- _Directions_: Write out exactly the lines of the entries below, from the first through the line containing "Fully Guided Kayaking", and nothing beyond them.

- _Dataset records_:

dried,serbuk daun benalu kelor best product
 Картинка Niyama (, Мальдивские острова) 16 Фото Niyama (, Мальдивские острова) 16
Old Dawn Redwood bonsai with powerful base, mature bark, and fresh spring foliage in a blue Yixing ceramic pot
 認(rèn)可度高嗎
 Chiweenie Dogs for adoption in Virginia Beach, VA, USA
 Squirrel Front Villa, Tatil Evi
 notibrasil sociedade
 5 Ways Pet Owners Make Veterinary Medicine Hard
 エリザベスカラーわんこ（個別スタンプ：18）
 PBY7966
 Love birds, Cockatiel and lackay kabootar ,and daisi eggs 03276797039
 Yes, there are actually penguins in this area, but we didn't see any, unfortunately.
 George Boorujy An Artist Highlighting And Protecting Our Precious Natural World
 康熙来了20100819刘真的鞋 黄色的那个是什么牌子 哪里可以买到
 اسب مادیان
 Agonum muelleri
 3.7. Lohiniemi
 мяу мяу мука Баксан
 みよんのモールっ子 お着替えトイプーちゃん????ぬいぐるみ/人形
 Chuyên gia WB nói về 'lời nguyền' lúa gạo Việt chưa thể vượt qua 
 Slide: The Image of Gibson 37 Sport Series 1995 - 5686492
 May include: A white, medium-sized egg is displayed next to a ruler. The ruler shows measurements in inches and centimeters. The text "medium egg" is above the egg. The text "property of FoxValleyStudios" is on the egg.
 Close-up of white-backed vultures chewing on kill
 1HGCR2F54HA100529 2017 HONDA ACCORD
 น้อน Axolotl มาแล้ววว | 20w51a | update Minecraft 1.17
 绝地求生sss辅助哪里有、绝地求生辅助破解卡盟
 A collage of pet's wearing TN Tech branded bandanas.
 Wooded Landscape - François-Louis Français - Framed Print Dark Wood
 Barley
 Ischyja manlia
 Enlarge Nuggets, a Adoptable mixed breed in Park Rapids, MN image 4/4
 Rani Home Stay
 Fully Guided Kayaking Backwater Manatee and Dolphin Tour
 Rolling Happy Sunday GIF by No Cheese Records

- _Response_:
dried,serbuk daun benalu kelor best product
 Картинка Niyama (, Мальдивские острова) 16 Фото Niyama (, Мальдивские острова) 16
Old Dawn Redwood bonsai with powerful base, mature bark, and fresh spring foliage in a blue Yixing ceramic pot
 認(rèn)可度高嗎
 Chiweenie Dogs for adoption in Virginia Beach, VA, USA
 Squirrel Front Villa, Tatil Evi
 notibrasil sociedade
 5 Ways Pet Owners Make Veterinary Medicine Hard
 エリザベスカラーわんこ（個別スタンプ：18）
 PBY7966
 Love birds, Cockatiel and lackay kabootar ,and daisi eggs 03276797039
 Yes, there are actually penguins in this area, but we didn't see any, unfortunately.
 George Boorujy An Artist Highlighting And Protecting Our Precious Natural World
 康熙来了20100819刘真的鞋 黄色的那个是什么牌子 哪里可以买到
 اسب مادیان
 Agonum muelleri
 3.7. Lohiniemi
 мяу мяу мука Баксан
 みよんのモールっ子 お着替えトイプーちゃん????ぬいぐるみ/人形
 Chuyên gia WB nói về 'lời nguyền' lúa gạo Việt chưa thể vượt qua 
 Slide: The Image of Gibson 37 Sport Series 1995 - 5686492
 May include: A white, medium-sized egg is displayed next to a ruler. The ruler shows measurements in inches and centimeters. The text "medium egg" is above the egg. The text "property of FoxValleyStudios" is on the egg.
 Close-up of white-backed vultures chewing on kill
 1HGCR2F54HA100529 2017 HONDA ACCORD
 น้อน Axolotl มาแล้ววว | 20w51a | update Minecraft 1.17
 绝地求生sss辅助哪里有、绝地求生辅助破解卡盟
 A collage of pet's wearing TN Tech branded bandanas.
 Wooded Landscape - François-Louis Français - Framed Print Dark Wood
 Barley
 Ischyja manlia
 Enlarge Nuggets, a Adoptable mixed breed in Park Rapids, MN image 4/4
 Rani Home Stay
 Fully Guided Kayaking Backwater Manatee and Dolphin Tour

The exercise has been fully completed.